### AIM OF THE EXERCISE
Beneath this line sits some data. Return only its lines from the one holding "Pièces détachées pour Seascooter SEAL" through the one holding "LEONARDO DA VINCI", inclusive, exactly, with the images removed.

### MATERIAL PROVIDED
—————

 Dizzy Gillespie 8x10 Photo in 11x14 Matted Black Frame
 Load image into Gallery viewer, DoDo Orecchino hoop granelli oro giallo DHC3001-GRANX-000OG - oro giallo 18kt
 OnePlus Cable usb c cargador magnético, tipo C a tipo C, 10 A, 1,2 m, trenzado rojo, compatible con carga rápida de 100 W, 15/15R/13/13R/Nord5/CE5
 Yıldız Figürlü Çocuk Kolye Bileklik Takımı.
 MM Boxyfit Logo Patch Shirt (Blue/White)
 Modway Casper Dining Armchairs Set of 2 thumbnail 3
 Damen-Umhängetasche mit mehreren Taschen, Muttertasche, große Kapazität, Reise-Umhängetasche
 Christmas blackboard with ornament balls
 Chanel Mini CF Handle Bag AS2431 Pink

—————

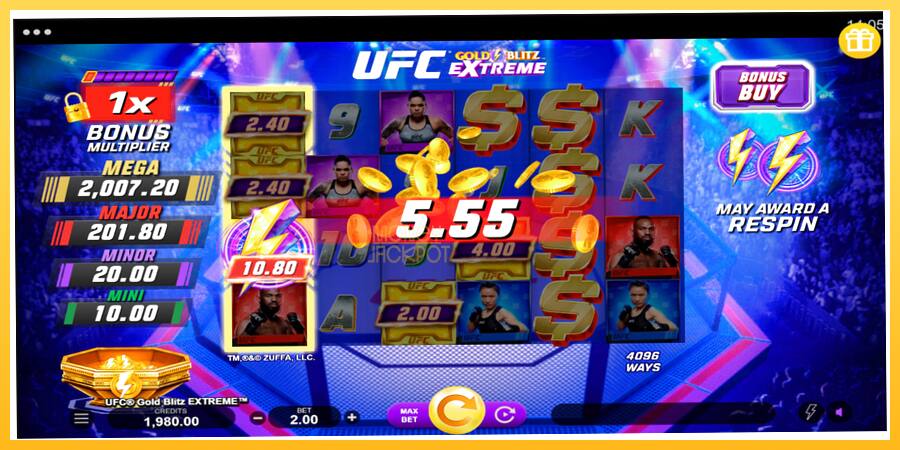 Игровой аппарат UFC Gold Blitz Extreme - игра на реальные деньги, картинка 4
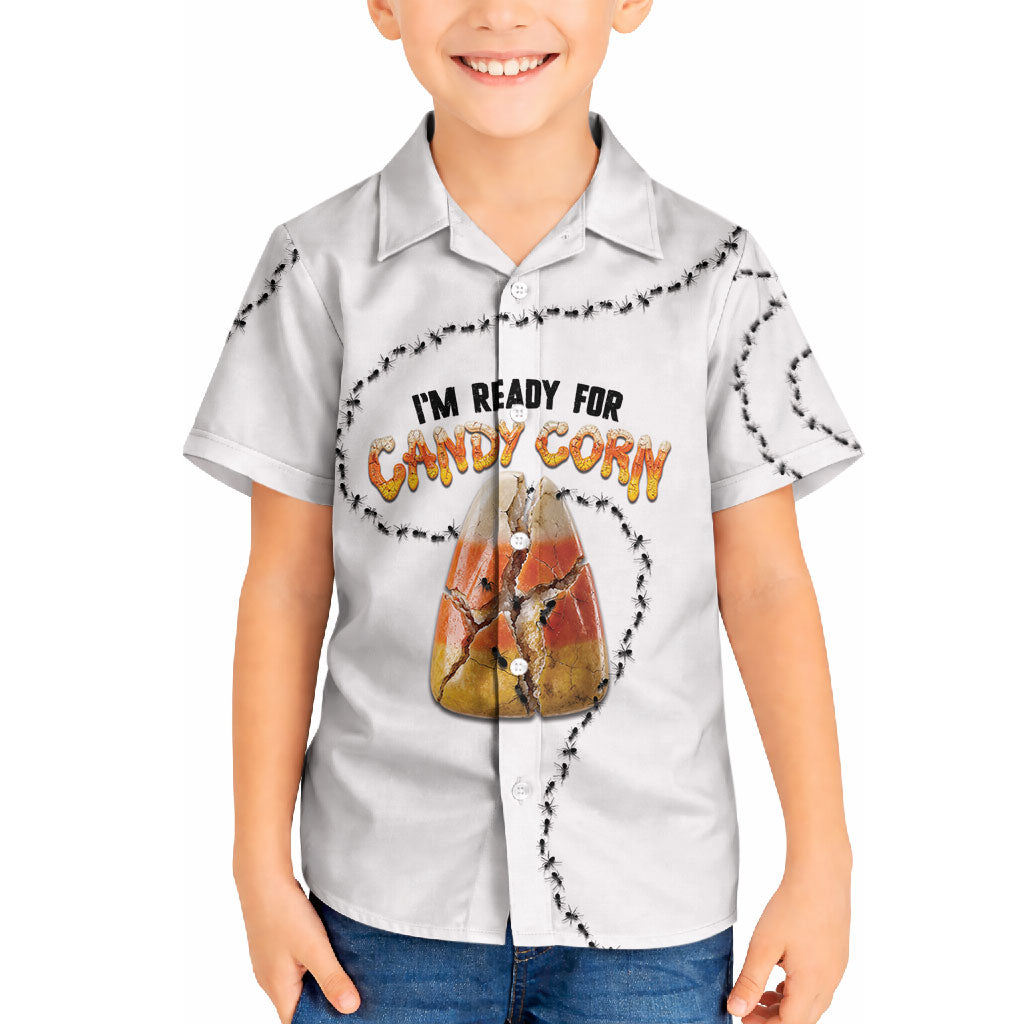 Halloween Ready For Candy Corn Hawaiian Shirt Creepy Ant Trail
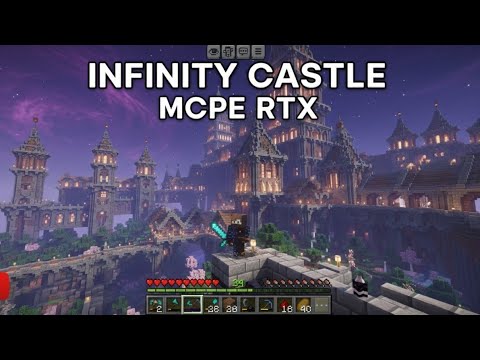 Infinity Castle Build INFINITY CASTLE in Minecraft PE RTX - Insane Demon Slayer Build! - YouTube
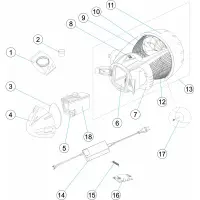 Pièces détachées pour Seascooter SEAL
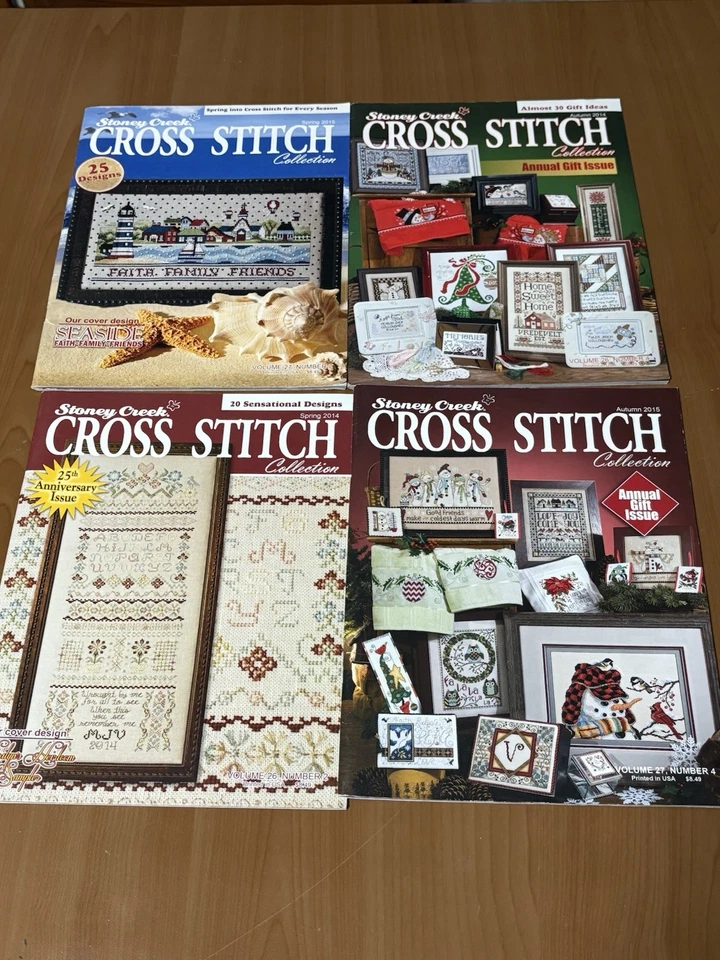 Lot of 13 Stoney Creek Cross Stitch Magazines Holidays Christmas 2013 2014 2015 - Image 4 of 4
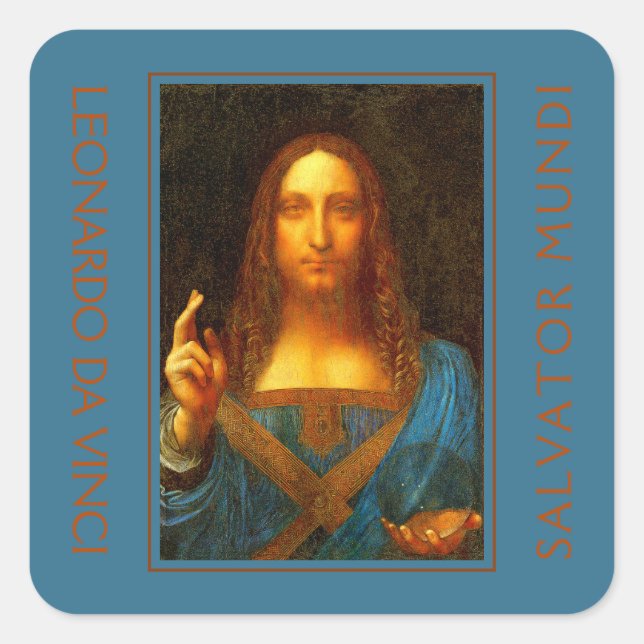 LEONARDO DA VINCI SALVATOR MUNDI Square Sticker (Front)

—————

### TASK ANSWER
 Pièces détachées pour Seascooter SEAL
 Lot of 13 Stoney Creek Cross Stitch Magazines Holidays Christmas 2013 2014 2015 - Image 4 of 4
 LEONARDO DA VINCI SALVATOR MUNDI Square Sticker (Front)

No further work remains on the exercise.